Fanny Crosby wrote hymns. She lived to be 95 and used her time well. She is credited with writing over 8,000 songs. There are 100 million in print today. She did not stop there. She taught. She did mission work. And by the way, she was blind. She also wrote over 1,000 secular poems. She never quit growing and serving. 

Amy Carmichael lived to the ripe age of 84. She served as a missionary in India for 55 years without ever taking furlough. During that time she founded an orphanage and took in numerous orphans. She also wrote numerous books. She did much for the Lord even in her old age with failing health. 

Lottie Moon lived to be 82. She lived and served in China for close to 40 years loving, serving and sharing Jesus with the Chinese people. Her letters sent back home promoting the mission work led to the starting of the Lottie Moon Christmas Offering taken up each Christmas season. Her legacy lives on. 

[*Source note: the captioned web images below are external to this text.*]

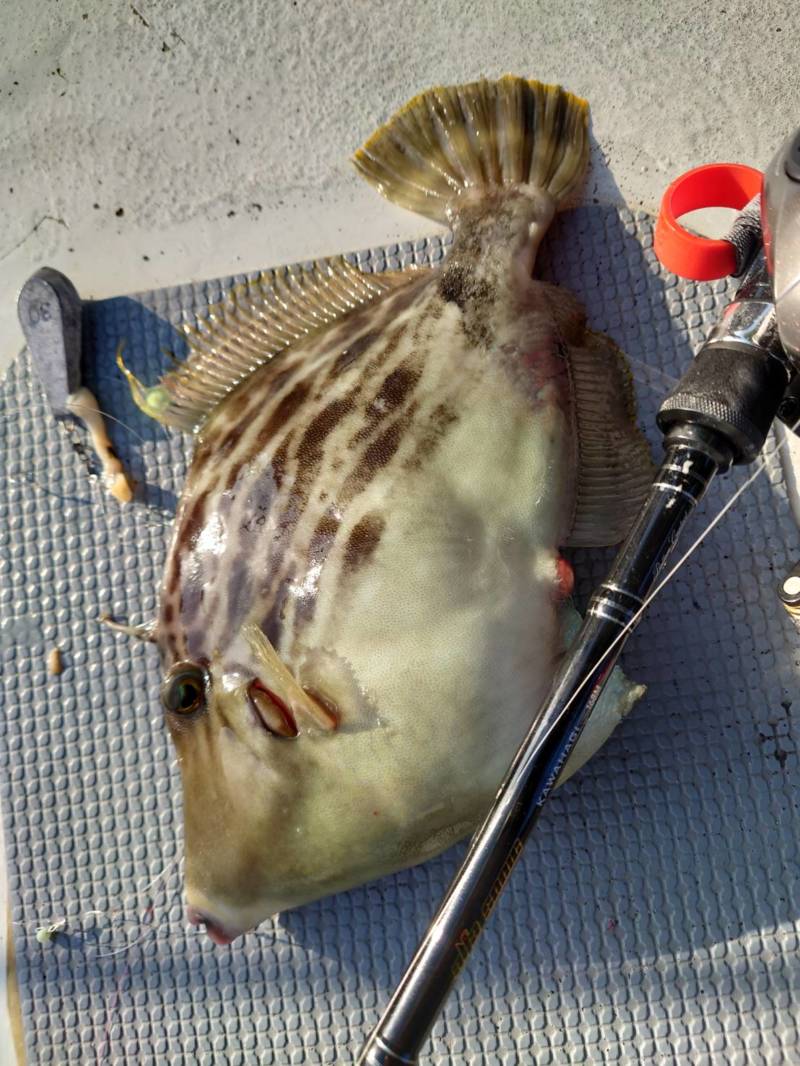 和歌山県加太 三邦丸の船釣りでカワハギ釣果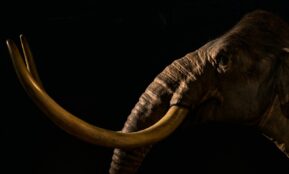 photography of gray elephant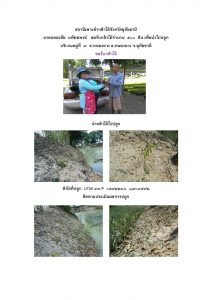 สถานีเพาะชำกล้าไม้จังหวัดอุทัยธานี- แปลงปลูกต้นไม้59 แปลงที่ 15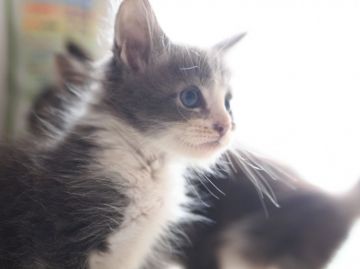 メインクーン【栃木県・男の子・2016年8月1日・ブルータビー&ホワイト】の写真「」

Bertha Smith also served as a missionary to China. At 70 she was forced to retire, but still worked 15 hours days. She had been on the field for 42 years. What did she do in retirement? She traveled the world and spoke in churches promoting Jesus and missions for another 29 years. She was 99 when she died. 

I could go on. There is no excuse. We all age. Our desire to know and serve God should never wane. Many churches and pastors have little regard for senior adults, other than the money they can get out of them to finance new fangled ministries or facilities expansion. I am not one of those. I treasure senior adults. I recognize they were once young, active, beautiful or handsome. They still have value. They are tough. They have weathered some of the hardest things life could throw at them. Some grew up in the Great Depression years. Many fought for this country on foreign soil. Some survived tragic days of a presidential assassination, the energy crisis, Pearl Harbor, World War II, Vietnam and The Persian Gulf War. They also watched people travel in space, two space shuttle disasters, the 911 Terror Attack and multiple violent school and church mass shootings. During all of that, they walked with God, learned of His faithfulness, and grew in their faith. Some survived the death of children and spouses. They still have value. They have much wisdom to share. They may be aging, like the rest of us and slowing down a little, but they are still useful! May we follow their example to the very end of our lives!